The frequent association with overweight, high blood pressure and alterations of cholesterol and other blood fats. The frequent response, at least initially, to diet, exercise and medications in the form of pills. Insulin is sometimes necessary to get adequate control, but it is not vital. The absence, in the analyzes, of those alterations that characterize type 1 diabetes, (maintenance of insulin production, absence of antibodies, etc.) Type 2 diabetes is by far the most frequent of the forms of diabetes. diabetes in the societies of our environment, constituting more than 80 percent of the total of diabetes.
Type 2 diabetes is by far the most frequent form of diabetes in Western society, accounting for more than 80 percent of all diabetesThe fact that, many times, it lacks symptoms, it makes especially important the search of its diagnosis among the people at greater risk: direct relatives of type 2 diabetics, obese, hypertensive, etc ..., since ignored and untreated, it can lead to complications, in the medium and long term, as important as those of type 1.
* GESTATIONAL DIABETESGestational diabetes is one that appears during pregnancy in a woman who previously did not have it. It should not be confused with the situation of a diabetic (type 1 or type 2) who, at a given time, becomes pregnant.
This is a relatively frequent situation and, therefore, it should be sought in all pregnant women, especially if they present a special risk (previous gestational diabetes, family history, previous changes in the blood glucose curve, etc.).
The detection of gestational diabetes is of great importance, given the consequences that, if passed unnoticed, may have for the pregnancy fruit
The detection of gestational diabetes is of great importance, given the consequences that, if unnoticed, may have for the pregnancy. Its correct treatment, until achieving the almost normalization of sugar levels, is paramount.

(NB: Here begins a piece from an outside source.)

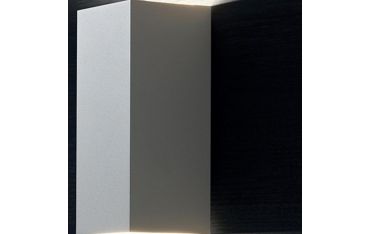 Applique Bi-emissione 6w+6w Led 4000k Sovil Tower Bianco - 99148/02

OTHER SPECIFIC FORMS OF DIABETES


In this section, a good number of the formerly called secondary diabetes are located, along with a series of genetic syndromes defined in recent years. Among them are:
Genetic defects of beta cell function
Genetic defects of the action of insulin Diseases of the exocrine pancreas Endocrinopathies Drug-induced or chemically-induced Infections Infrequent forms of immune origin Other genetic syndromes related to diabetes Concept of glucose intolerance
Within this category of sugar metabolism alterations are those whose glucose levels are not high enough to be considered diabetic but who, when subjected to an overload of 75 gr. of pure glucose, they respond in an intermediate way between normality and frank diabetes.
Specifically, they are considered to have glucose intolerance who have blood glucose levels two hours after the overload, between 140 and 200 mg.
The glucose intolerance is extraordinarily frequent (approximately twice as much as diabetes itself) and may constitute a previous stage in the natural history of diabetes
The glucose intolerance is extraordinarily frequent (approximately twice as much as diabetes itself) and may constitute a previous stage in the natural history of diabetes, preceding it. In 40% of the cases, the alteration detected with an overload test reverts to normal when the test is repeated.